竹中氏の言うように、郵便事業から貯金と保険を切り離し、簡易保険会社を完全に民間に移行するということは、それはつまり、米国巨大資本に買収させることに等しい。小泉流の郵政民営化を最も待ち望んでいるのは、米国企業であるアリコやアメリカンファミリーだ。彼らは、日本の生命保険市場の独占を狙っている。

折りしも、M&Aに対する企業防衛が重要視される時代に突入した日本にあって、何故、あえて「郵便貯金銀行」と「保険会社」を民営化しなければならないのか。民営化されるということは、当たり前だが郵政3事業それぞれの株式が上場されることを意味する。小泉総理や竹中大臣が、それに気付いていないわけがない。彼らは、米国に日本を売り渡すことにやぶさかではない人たちなのだ。ホリエモンが言っていたじゃないか、「買収されたくなければ、上場しなきゃいいんですよ」と。上場するということは、「買収してもいいですよ」ということなのだ。

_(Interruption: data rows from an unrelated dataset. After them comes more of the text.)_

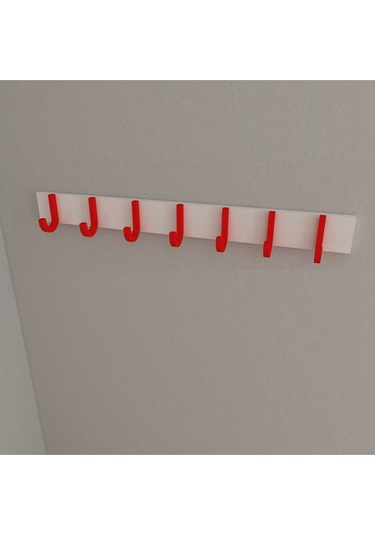 Hepsi3boyutlu Modern Duvar & Kapı Baston Askılık - 7 Adet Kırmızı J Askılık - Model No : 6 Kırmızı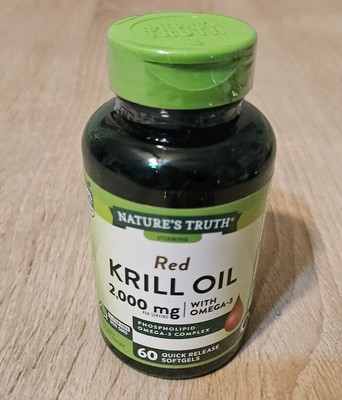 Red Krill Oil with Omega-3, 2,000 mg, 60 Quick Release Softgels Expires 10/2026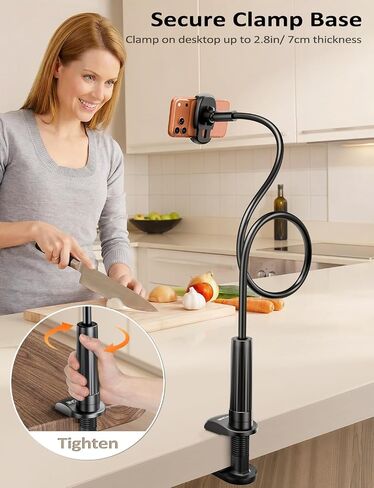 Tryone Gooseneck Phone Holder Hands-Free for Phone Viewing Or Recording, Adjustable Stable Metal Cell Stand Mount for Desk Table Bed, Soporte para Celular, Fits 4-7 Phones Including iPhone - Black in Kuwait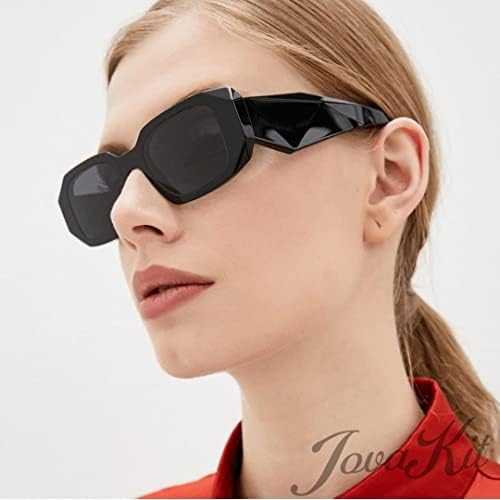 JOVAKIT Trendi Vastag Tagbaszakadt Téglalap Napszemüveg Női Férfi Divat Kis Négyzet napszemüvegek UV400 Védelem egy napszemüveg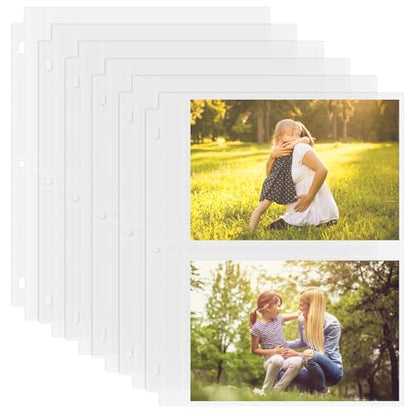 Aegero 25 Pack 5 x 7 Photo Sleeves for 3 Ring Binder(100 Pictures), Heavy-Duty Archival Photo Page Protectors, Clear Picture Album Refill Pages Holds, Acid-Free - size: 5x7inch-2pocket, style: 25 pack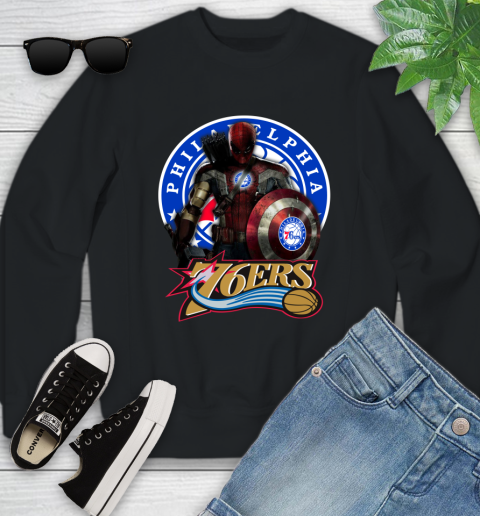 Philadelphia 76ers NBA Basketball Captain America Thor Spider Man Hawkeye Avengers (1) Youth Sweatshirt 2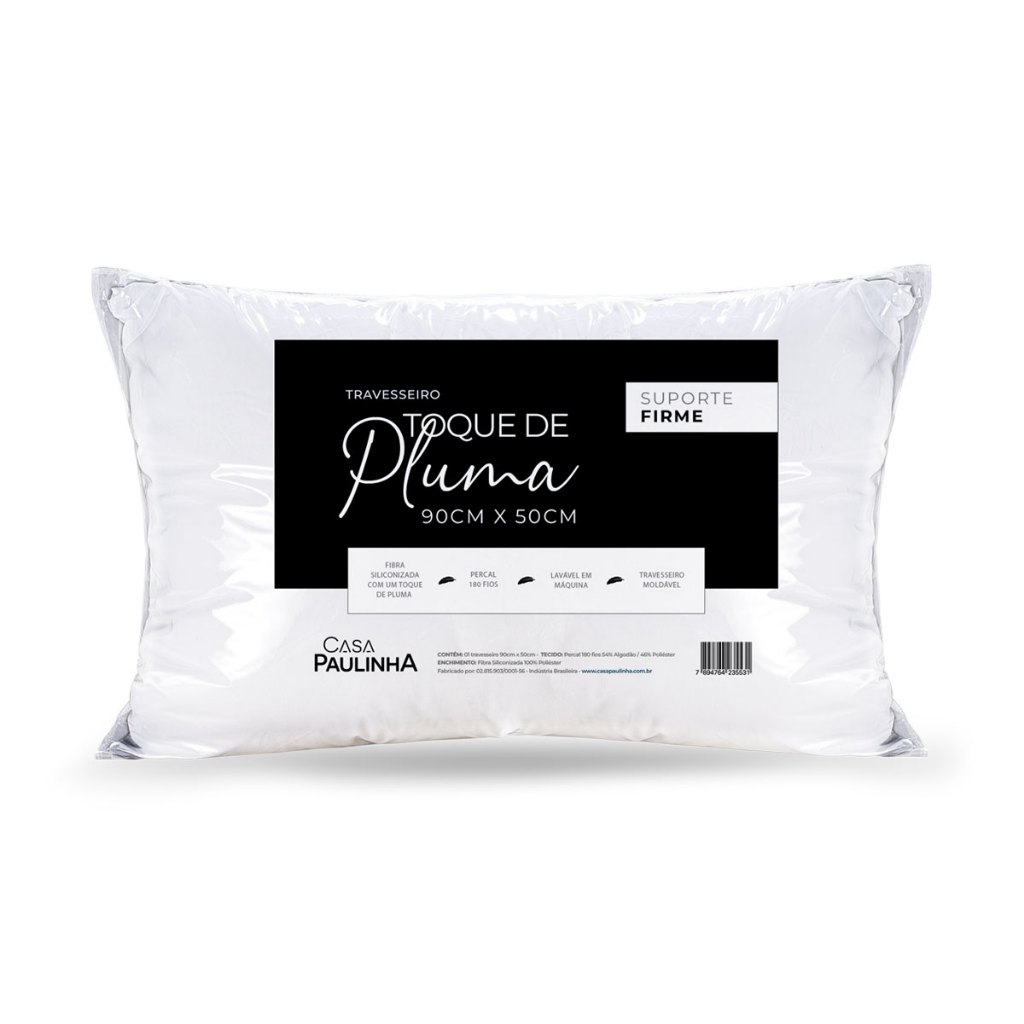 Travesseiro Percal 180 Fios Firme Toque De Pluma 90cm x 50cm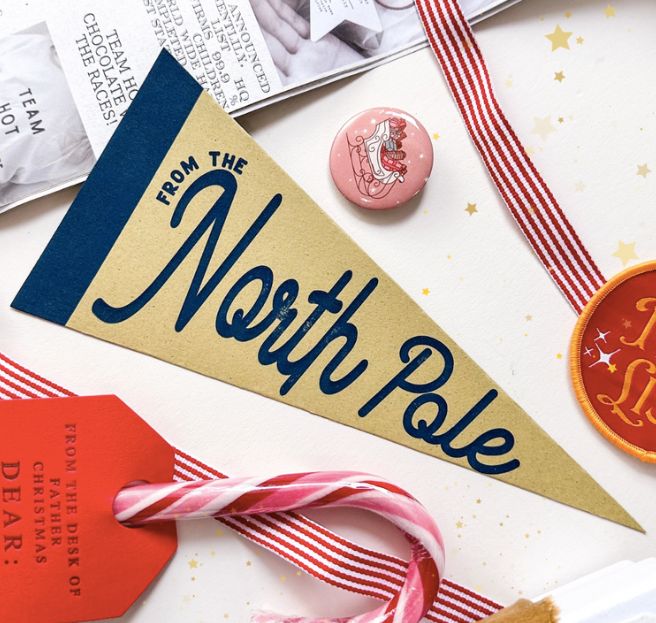 North Pole pennant card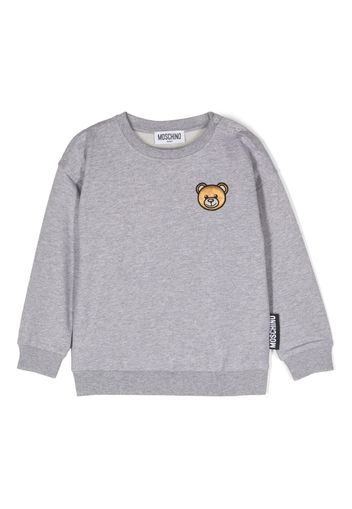 Moschino Kids Teddy Bear-patch cotton sweatshirt - Grigio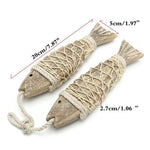 poisson décoratif bois brut marin rustique filet pêche suspension naturelle cadeau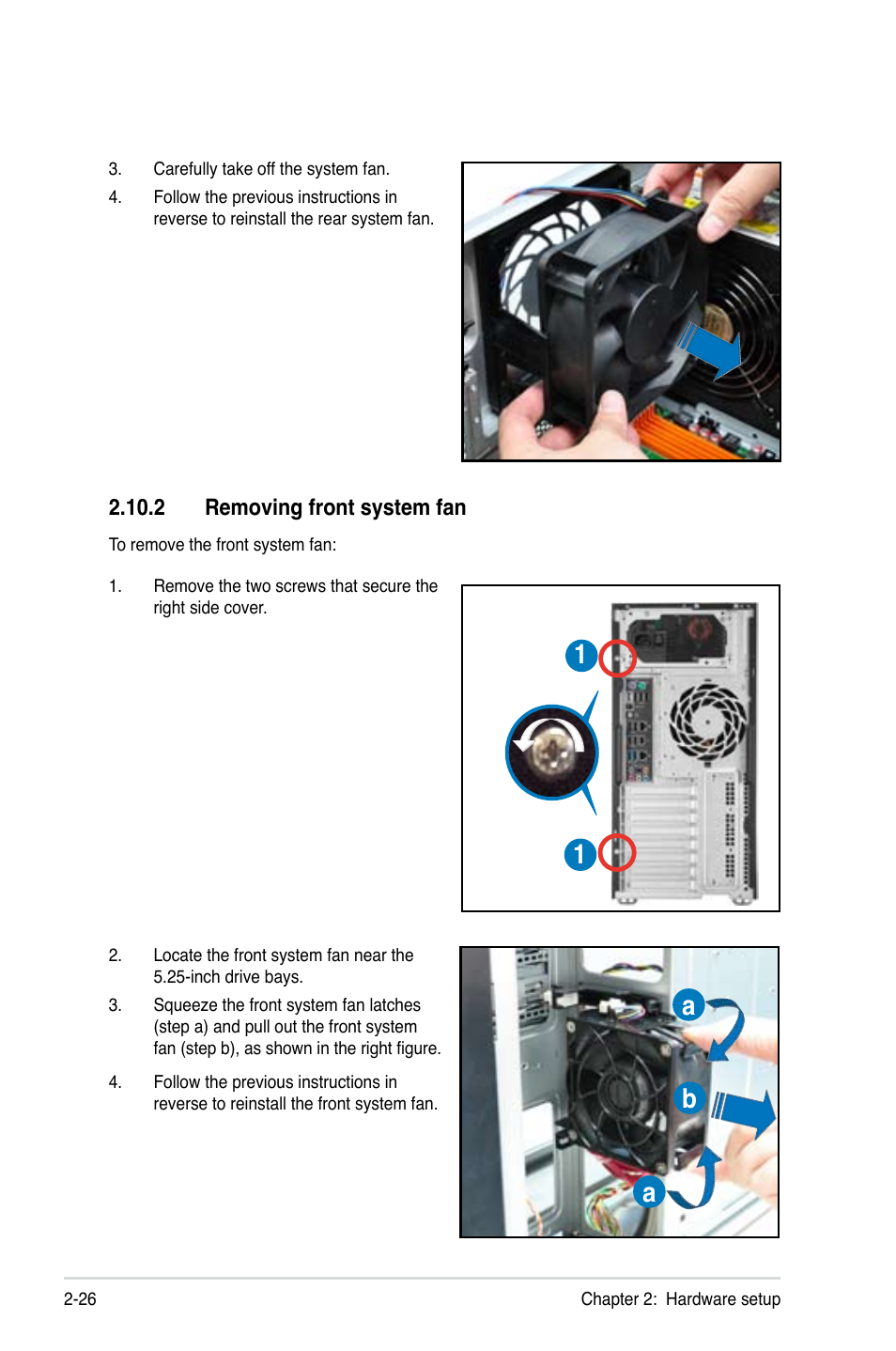 2 removing front system fan, 2 removing front system fan -26, 1b a a | Asus ESC2000 G2 User Manual | Page 46 / 226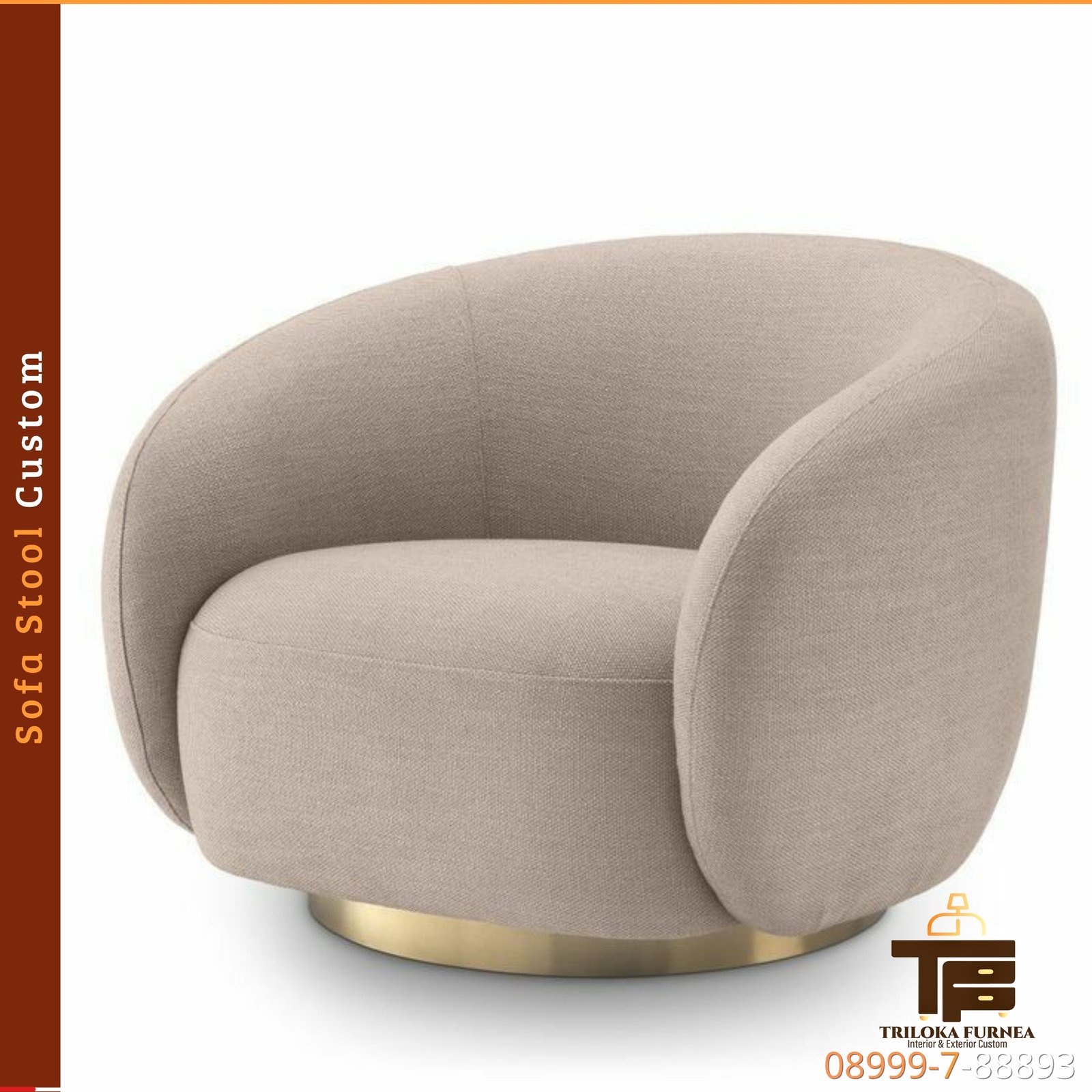 Sofa Single Seater dengan Stool - Image 2
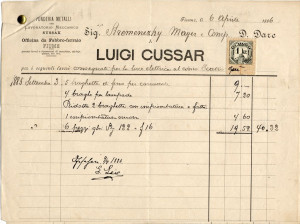 PPMHP 114201: Račun topionice metala Luigi Cussar za gradsko kazalište Rijeka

本当にこのまま、郵政民営化が推し進められて良いのか?自民党内の反対派の抵抗だけに終わらせることなく、民主党も民営化反対の議論に加わらなければならない。自民党と民主党の垣根を越えて、民営化ではない形での郵政公社発展の論陣をはることが必要であり、それが政局の潮目となり小泉政権打倒へとつながっていくと、歴史的に意味のある成果をもたらすことになるかもしれない。